Suppliers are often unfair in their criticism of retailers, remembering the juicy margins on one item and forgetting that another was used as a loss leader. But some retailers seem to have a tin ear when it comes to their relations with the grower community or, even worse, they seem to hold the supplier community in a kind of contempt.
Not everyone treats suppliers this way, of course, but the exceptions are sufficiently infrequent to prove the rule.
You can see it in informal behavior – unreturned phone calls, unanswered letters and so forth. You can see it in more formal decisions, such as unwillingness to attend supplier events. The fact that retailers are so few in number at United, WGA, FFVA and similar meetings has always bespoken a kind of arrogance. The message is being communicated that “we are not partners; you work for us and do our bidding.”
Nowadays, with contact buying common, the contempt plays itself out in an astonishing way in these negotiations. In depressed fields like bananas, many supermarkets will think nothing of demanding that suppliers sign up for programs that guarantee the suppliers a loss for years on end. And these same suppliers have been working with the very same chain for decades. In most commodities, it is not a particularly well kept secret what the cost of production is. Packing and shipping costs are there for all to see. But many supermarkets just don’t see all this as their problem.
Recently one giant chain decided to handle buying through one of the e-commerce services. Nobody has issued any formal statements, but I will be surprised if we don’t eventually find out that either the chain itself or some of its influential backers have acquired options or an equity interest in this same e-commerce outfit. Still, the chain claims that by buying through this technology, it will realize substantial efficiencies and savings. Now here is the kicker: the very same chain also announced that its various suppliers will be obligated to pay a fee to this e-commerce site in the amount of a half a percent on everything that is sold through this service.
Did anybody at this retailer think about the arrogance of this statement? Did it not occur to anyone that this retailer is the one that would realize enormous advantages from the use of this service, yet would be asking suppliers – who would realize none of these advantages – to pay the freight?
The power of many retailers’ positions is such that they are now either so detached from reality that they don’t realize what their suppliers will think about such an approach or they are so filled with an arrogance that they just don’t care. “What are they going to do about it?” You can hear some blowhard bellowing. “Stop selling me? They need me more than I need them.” Perhaps.
At the United Public Policy Conference in Washington D.C., I recently moderated a panel on retail trading practices, including things such as slotting fees. Perhaps the most interesting thing about the issue is that we were there at all. After all, the fact that retailers may want particular fees or to impose particular charges is not obviously a matter of concern for public policy. One could easily say that these are private contractual matters and the government should stay out.
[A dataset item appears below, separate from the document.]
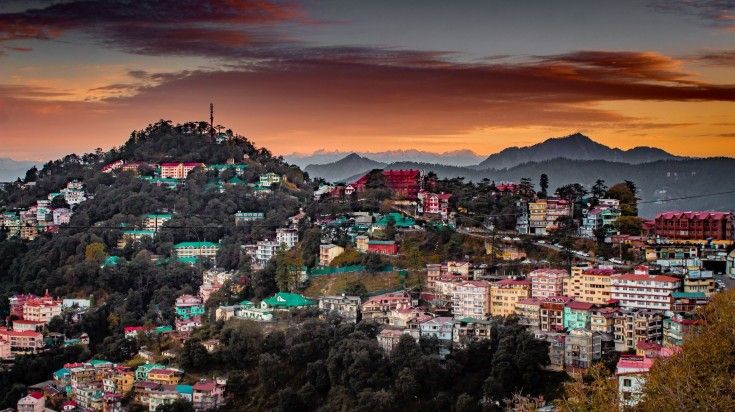 An evening view of Shimla in the Indian state of Himachal Pradesh.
The fact that my panelists most prominently included veterans of the Senate Committee on Small Business hearings on slotting fees and that the conference ended with everyone heading off to the Hill to observe another hearing on the same subject indicates that supermarkets should be wary of holding such attitudes.
Toward the end of his tenure, Bob Carey, the now-retired president of PMA, once told me during discussions a few years ago about the fate of United that he hoped his board would deal generously with the other produce trade association. Packed into that word ‘generously’ was a lifetime of experience. He was harkening back to a moment when a very weak PMA sent out feelers to United to see if PMA’s tattered band might be welcomed within the then very rich and powerful UFFVA. The entreaties were rejected, so the PMA stalwarts regrouped, and, in time, built a trade association that crushed United to the point where it had to completely reinvent itself.
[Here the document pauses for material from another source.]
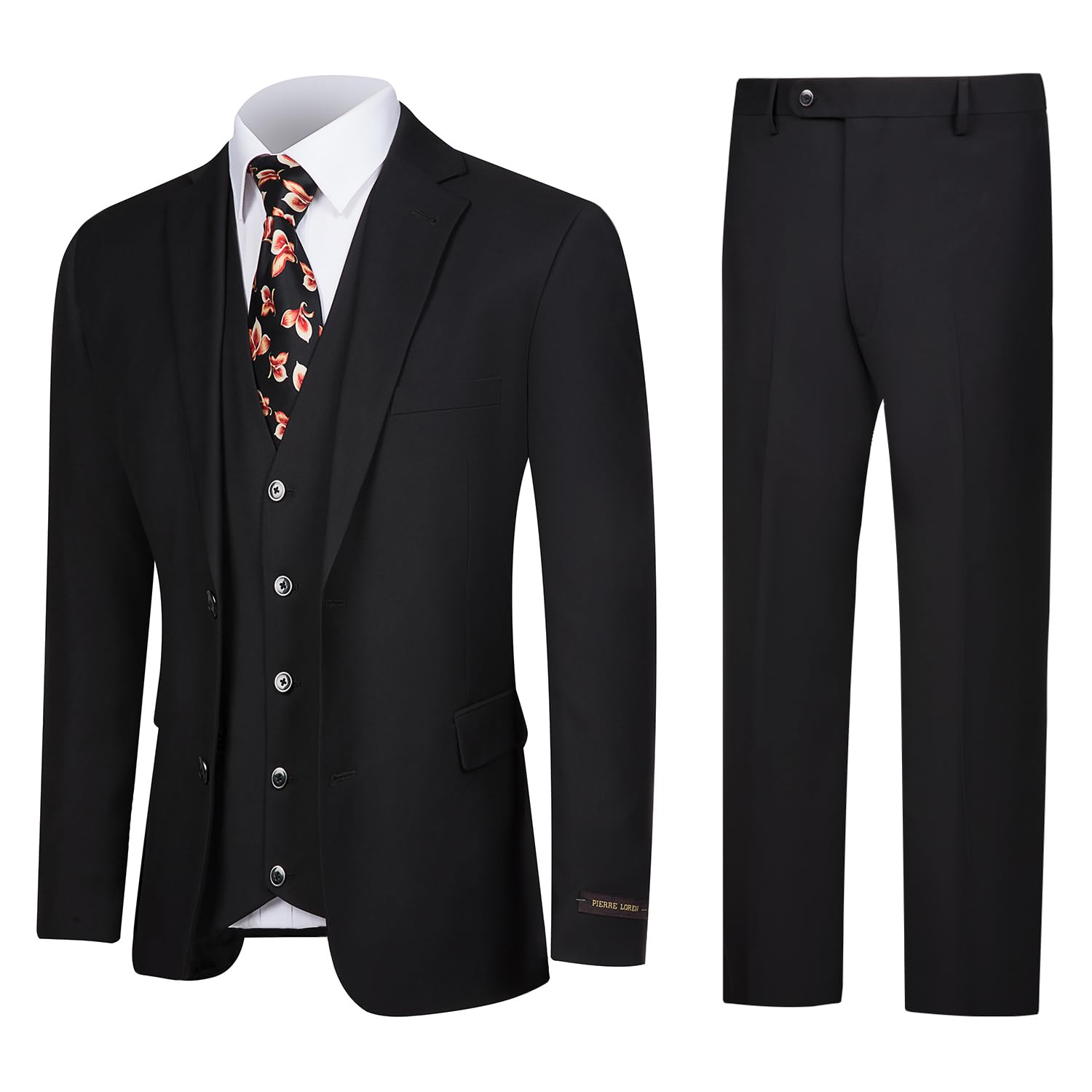 gluvistaves Men's 3 Piece Suit Slim Fit - Single Breasted Two Buttons Solid Business Wedding Suit Jacket Vest Pants Set-picture-21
The large consolidated retailers are in a very strong business position. But these large behemoths, substantially foreign-owned and not particularly liked by the public at large, are in a weak position politically.
Most produce growers and shippers are business people and would rather sit down with a buyer and work it all out. But if retailers elect to treat suppliers as slaves, well, the countdown to the slave revolt is only a matter of time.
Every survey indicates that farmers enjoy one of the highest esteem ratings of any profession in our society. If growers can’t get a little respect by one-to-one dealings with retailers, they will shift the field of battle to politics. Remember that famous photo of the tobacco CEOs raising their right hands before a congressional committee? They can subpoena supermarket CEOs just as quickly.